▸ **EXERCISE AIM**
Print each line below verbatim, skipping every picture.

▸ **RECORDS TO USE**
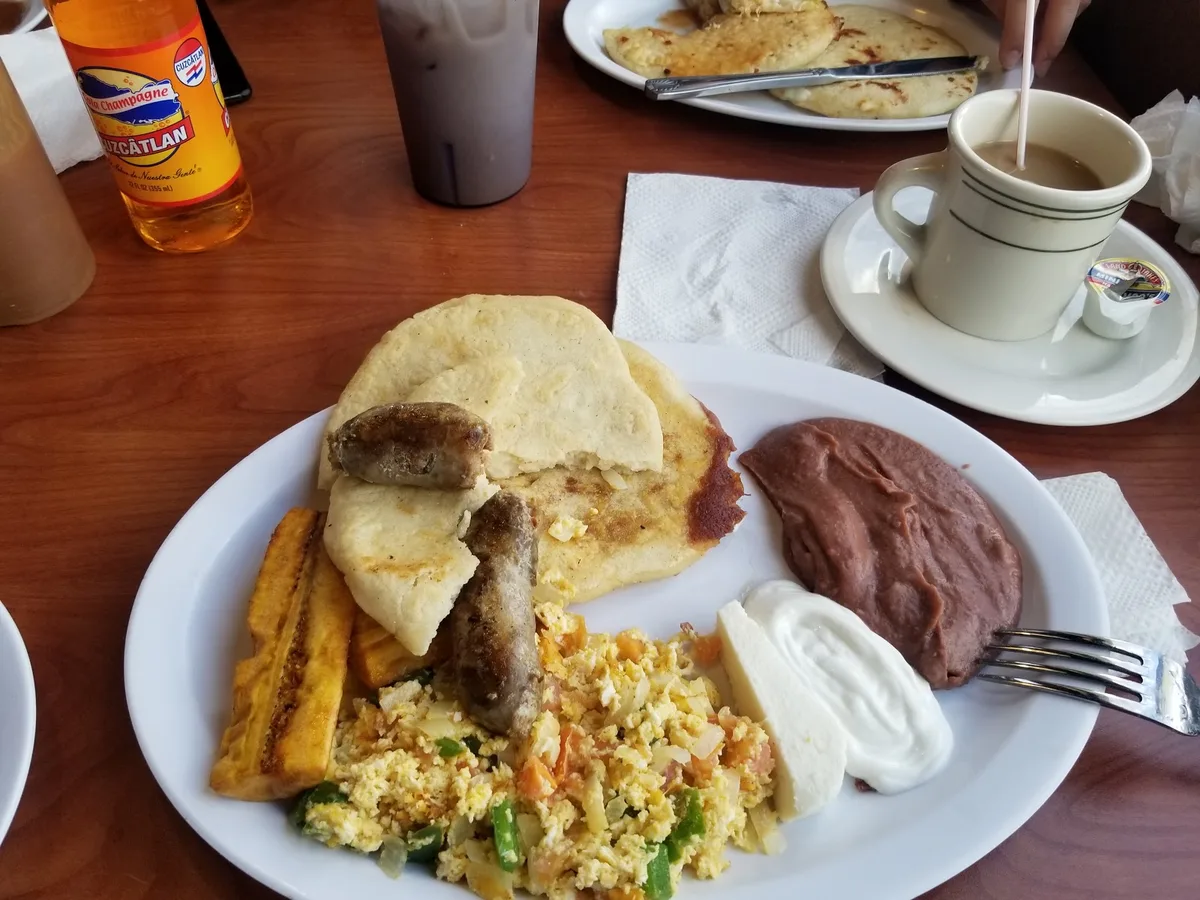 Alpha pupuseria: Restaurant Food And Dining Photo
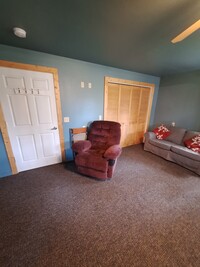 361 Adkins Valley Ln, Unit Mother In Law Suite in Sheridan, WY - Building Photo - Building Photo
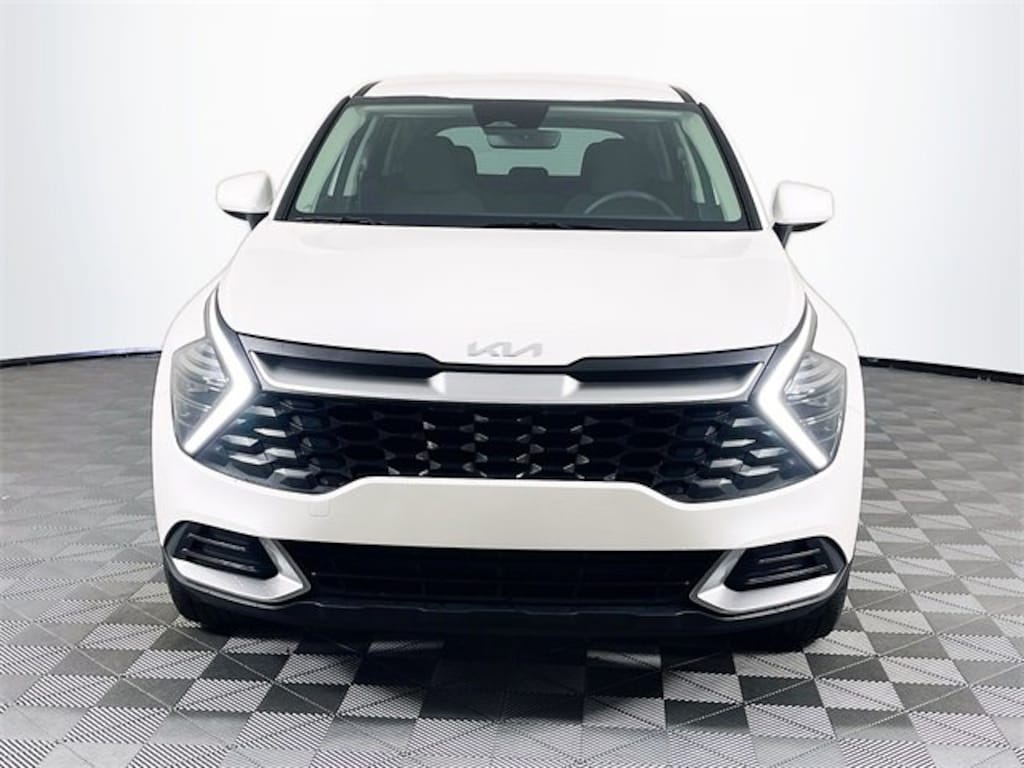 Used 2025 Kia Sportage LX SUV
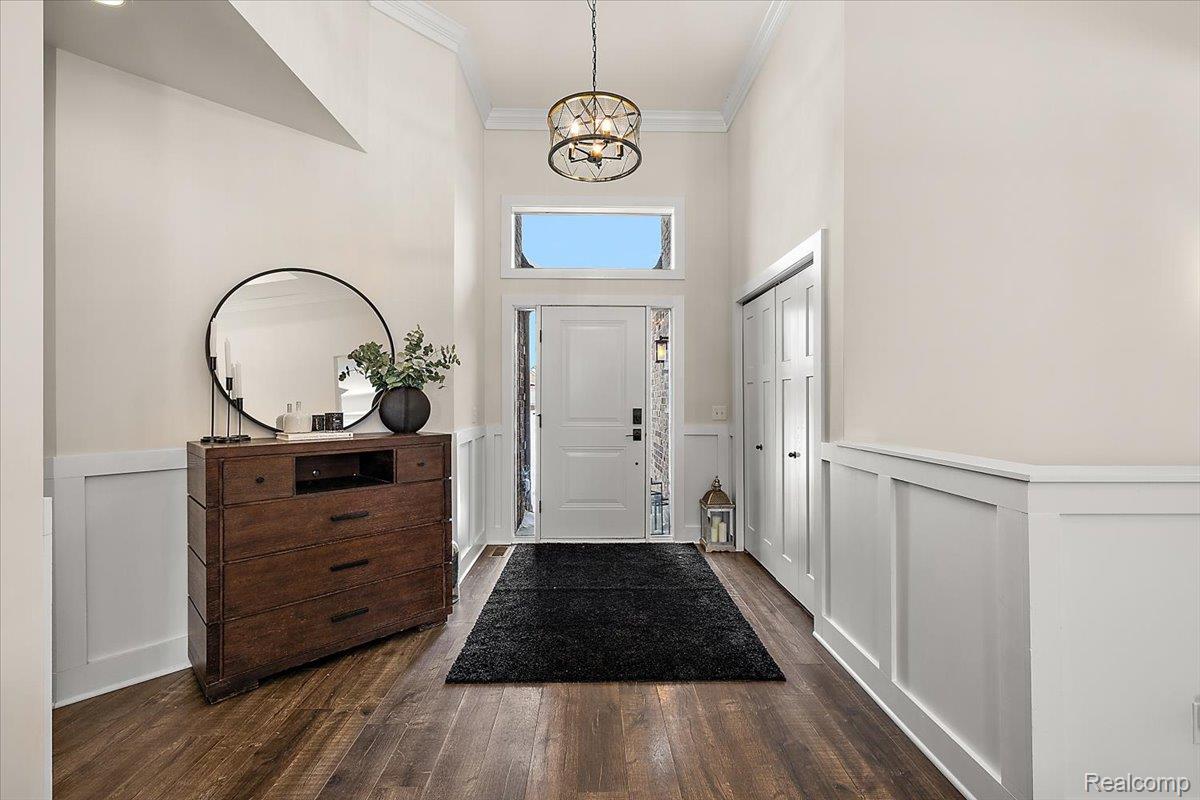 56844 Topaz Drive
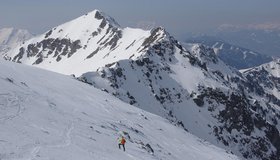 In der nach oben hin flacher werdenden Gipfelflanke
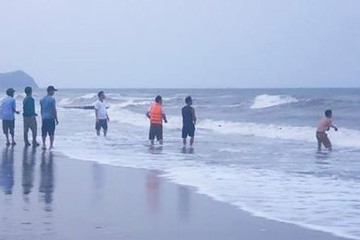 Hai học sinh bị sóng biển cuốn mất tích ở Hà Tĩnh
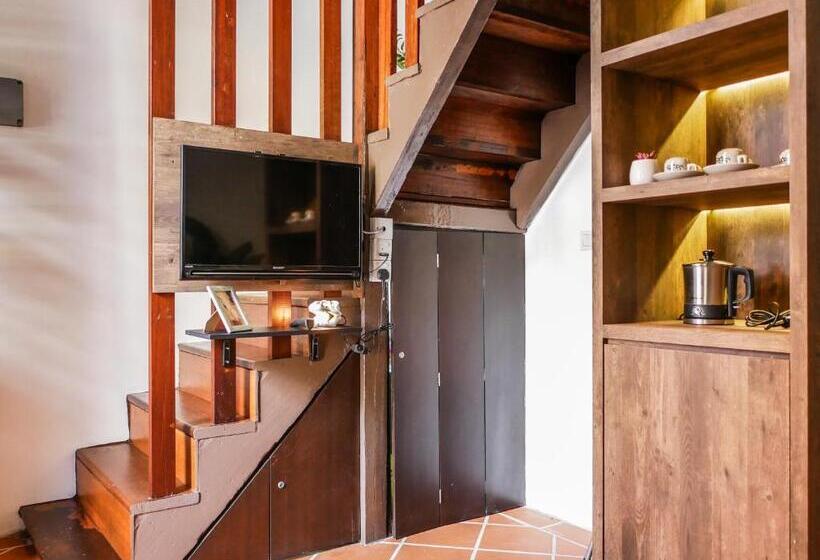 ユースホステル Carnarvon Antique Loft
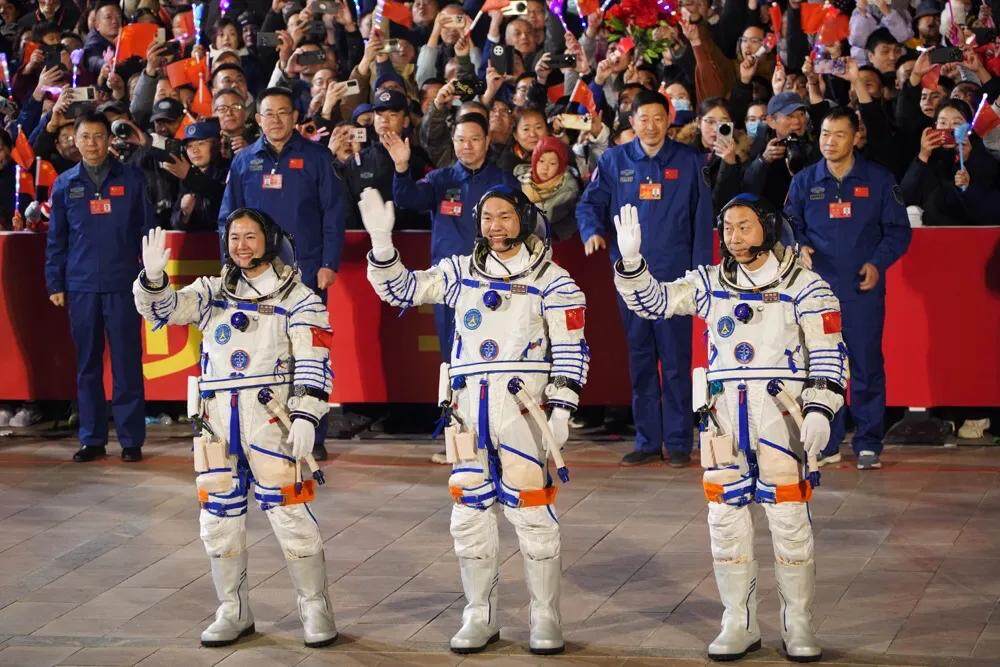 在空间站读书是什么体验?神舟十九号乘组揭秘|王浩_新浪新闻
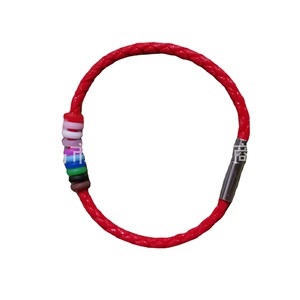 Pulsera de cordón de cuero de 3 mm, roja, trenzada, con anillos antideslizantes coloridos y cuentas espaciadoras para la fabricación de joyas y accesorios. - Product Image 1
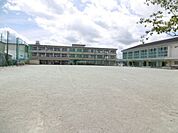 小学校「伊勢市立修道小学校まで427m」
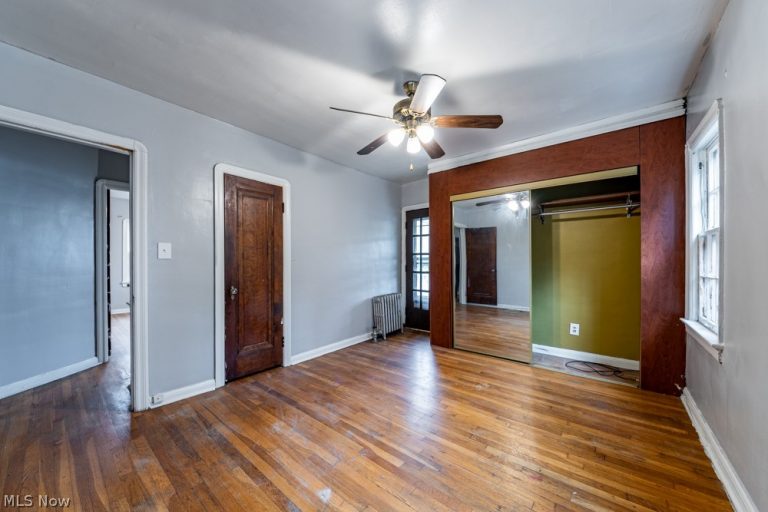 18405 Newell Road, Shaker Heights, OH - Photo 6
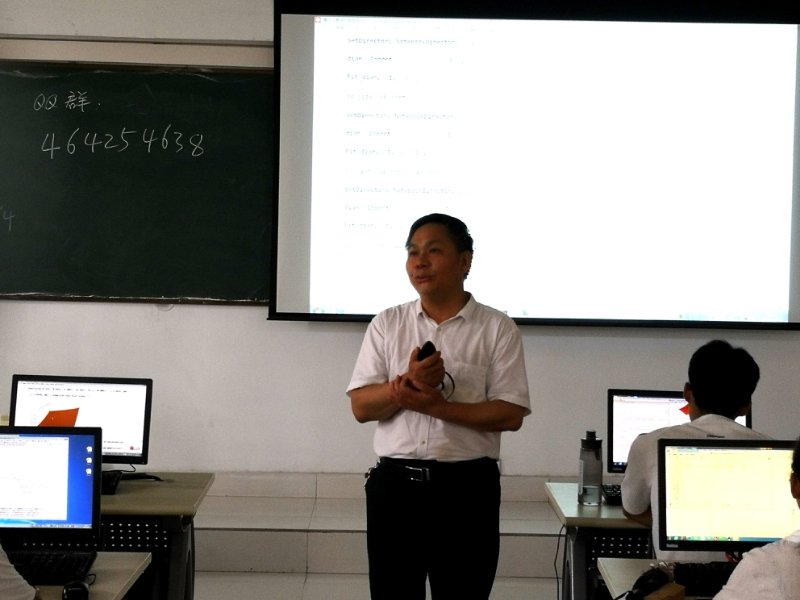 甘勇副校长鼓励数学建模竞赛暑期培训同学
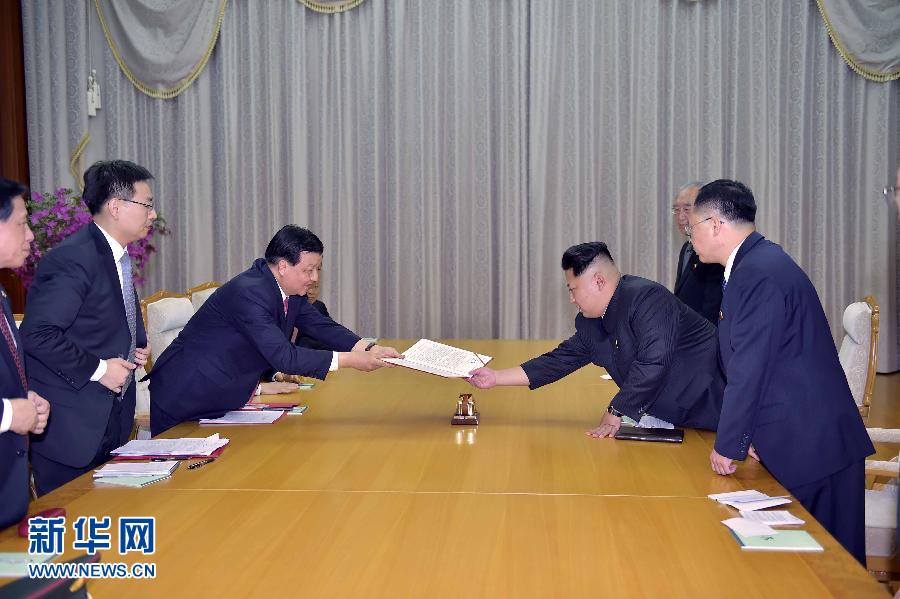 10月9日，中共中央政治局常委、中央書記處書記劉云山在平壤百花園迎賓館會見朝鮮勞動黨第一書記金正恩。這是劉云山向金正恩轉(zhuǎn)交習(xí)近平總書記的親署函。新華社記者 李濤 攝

▸ **ANSWER TO THE PROBLEM**
 Alpha pupuseria: Restaurant Food And Dining Photo
 361 Adkins Valley Ln, Unit Mother In Law Suite in Sheridan, WY - Building Photo - Building Photo
 Used 2025 Kia Sportage LX SUV
 56844 Topaz Drive
 In der nach oben hin flacher werdenden Gipfelflanke
 Hai học sinh bị sóng biển cuốn mất tích ở Hà Tĩnh
 ユースホステル Carnarvon Antique Loft
 在空间站读书是什么体验?神舟十九号乘组揭秘|王浩_新浪新闻
 Pulsera de cordón de cuero de 3 mm, roja, trenzada, con anillos antideslizantes coloridos y cuentas espaciadoras para la fabricación de joyas y accesorios. - Product Image 1
 小学校「伊勢市立修道小学校まで427m」
 18405 Newell Road, Shaker Heights, OH - Photo 6
 甘勇副校长鼓励数学建模竞赛暑期培训同学
 10月9日，中共中央政治局常委、中央書記處書記劉云山在平壤百花園迎賓館會見朝鮮勞動黨第一書記金正恩。這是劉云山向金正恩轉(zhuǎn)交習(xí)近平總書記的親署函。新華社記者 李濤 攝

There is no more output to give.